REGRID is not a single program, but a suite of programs to handle various tasks of the REGRID package. The tasks are split up into two main components:
1) data input (i.e., reading the original meteorological analyses)
The data input task is handled by the programs collectively known as "pregrid", and the interpolation to the MM5 grid is handled by the program "regridder". Communication between these programs is accomplished via intermediate files written in a pretty simple format. The pregrid tasks are further subdivided into programs which read some specific data formats, while the regridder tasks are managed in a single program. The intent is that individual users can easily write their own data input programs (i.e., their own pregrid programs) if necessary, thus introducing their own data into the MM5 Modeling System.
This division separates the fairly messy and very dataset-specific task of reading data from the more general task of interpolation. By this division, REGRID can be easily expanded to ingest more data sets, and users can more easily ingest their own data sets for use in the MM5 system.
The pregrid program expects to find files of gridded meteorological analyses. Currently, pregrid can read many data sets formatted in GRIB Edition 1 (hereinafter referred to as GRIB), as well as several GRIB and non-GRIB data sets that have traditionally been available to MM5 users.
Most of the individual pregrid programs, particularly those dealing with GRIB datasets, also expect to find tables which tell the pregrid program what fields to access from the input files. These are referred to as "Vtables" and are discussed in greater detail below.
A Fortran namelist file passes user-specified options to pregrid. For pregrid, this is mostly date information.
The regridder program expects to find in the files from pregrid the fields of temperature, horizontal wind components, relative humidity, height of pressure levels, sea-level pressure, sea-surface temperature, and snow-cover data. Other fields may be used as well, interpolated and passed on to the rest of the modeling system. When you set up and run the pregrid programs, you should verify that the files you pass to regridder contain the necessary fields. One way to verify this is to run regridder and see what error messages it gives you.
From the TERRAIN files, regridder finds terrain, land-use, and map data.
A Fortran namelist file passes user-specified options to regridder.

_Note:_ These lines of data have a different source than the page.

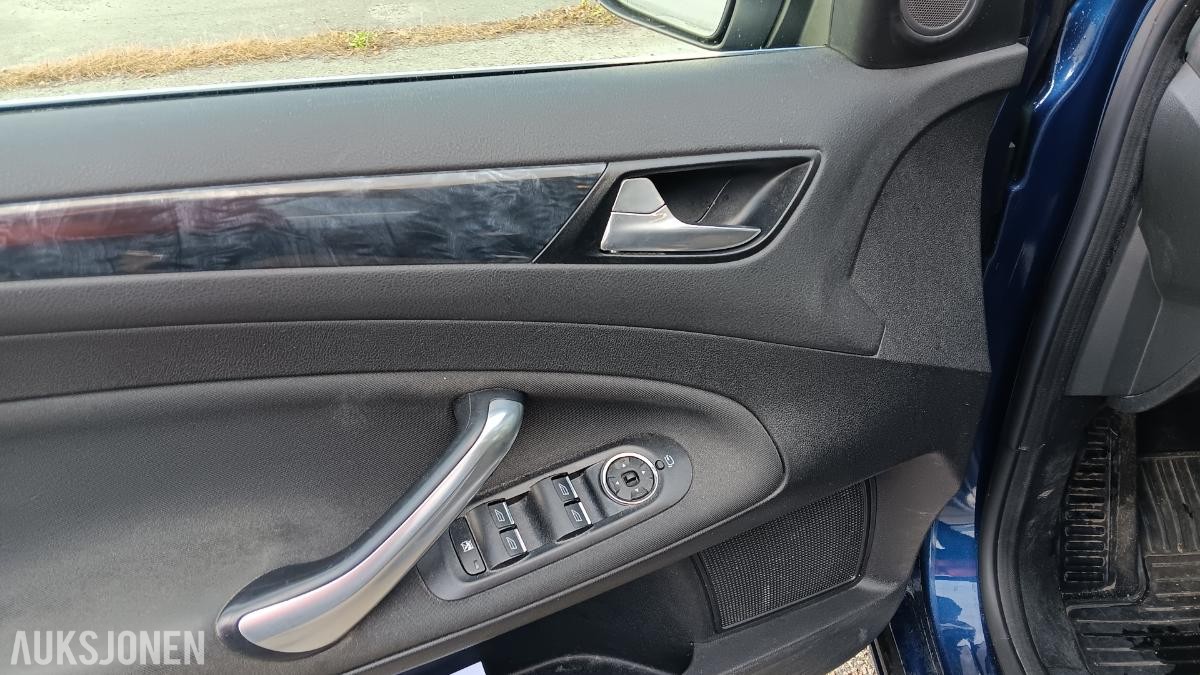 2012 MONDEO 2.0TDCi GHIA 140HK Automat St.vogn Webasto/Soltak/Klima/Krok, 172500km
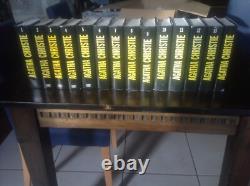 Agatha christie l intégrale collection complète de 14 volumes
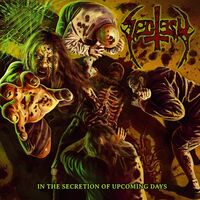 Sectesy - In The Secretion Of Upcoming Days vinyl cover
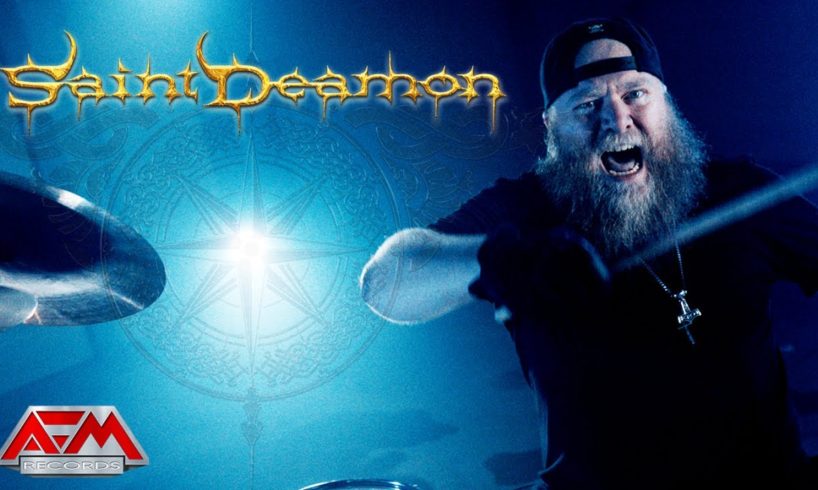 SAINT DEAMON - Load Your Cannons (2023) // Official Music Video // AFM Records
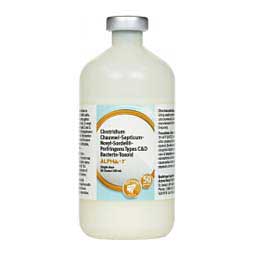  - Blackleg New Adjuvant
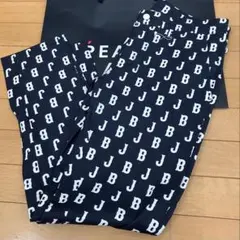新品 ジャックバニー ストレッチツイルプリント ショートパンツ(6)LL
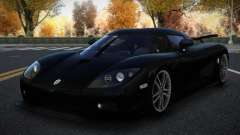 Koenigsegg CCXR Piyipi para GTA 4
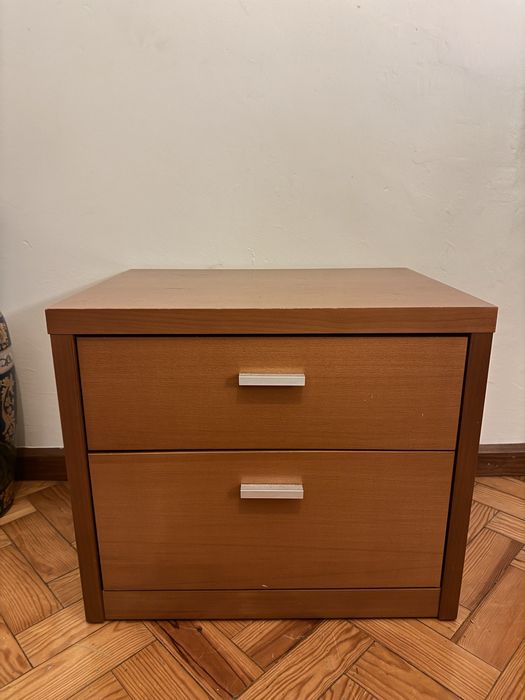 cómoda de madeira 53x45cm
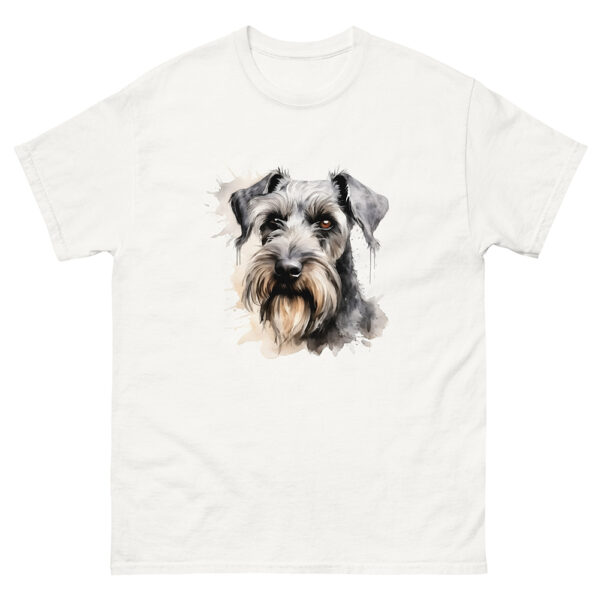 T-shirt ceskyterrier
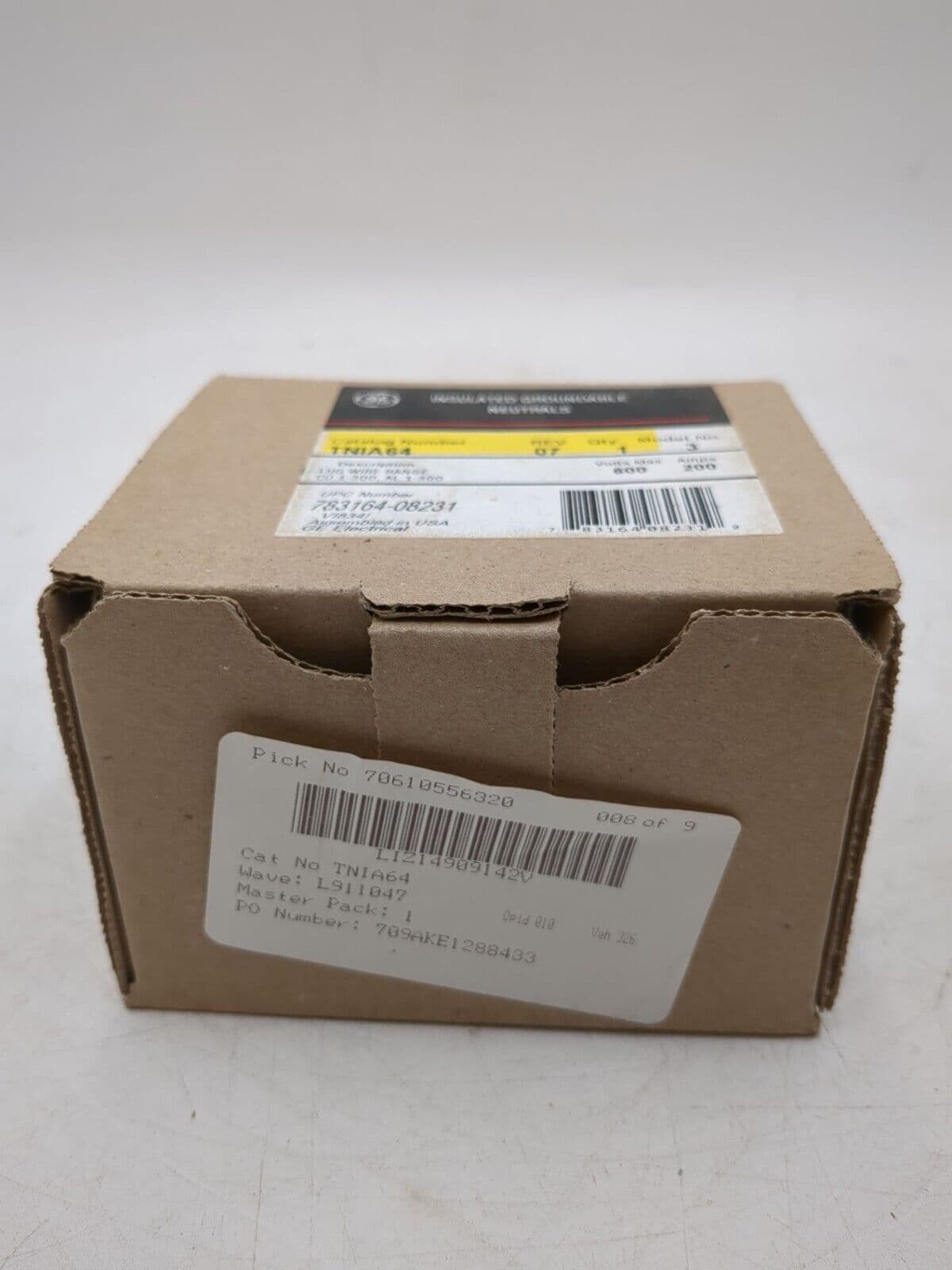 GE GE TNIA64 – image 1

The regridder program creates a file called "REGRID_DOMAIN#". This file contains the data at every time period for a single domain. This file is in MM5v3 format which is discussed in greater detail in Chapter 13, "I/O Format"
Key to the REGRID package is the data format used for passing data from pregrid to regridder. Data are passed from the pregrid programs to regridder via files written in the format described in this section.
Fields are written to the intermediate files as as two-dimensional horizontal (i.e., pressure-level or surface) slabs of data. Each horizontal slab contains a single level of a single variable (i.e., 500 mb RH, surface T, etc.). Any number of horizontal slabs may be written to single file. The slabs in a given file are not necessarily all from the same data source, or all on the same grid or map projection, but they should all represent data valid at the same time. The order of slabs in the file does not matter.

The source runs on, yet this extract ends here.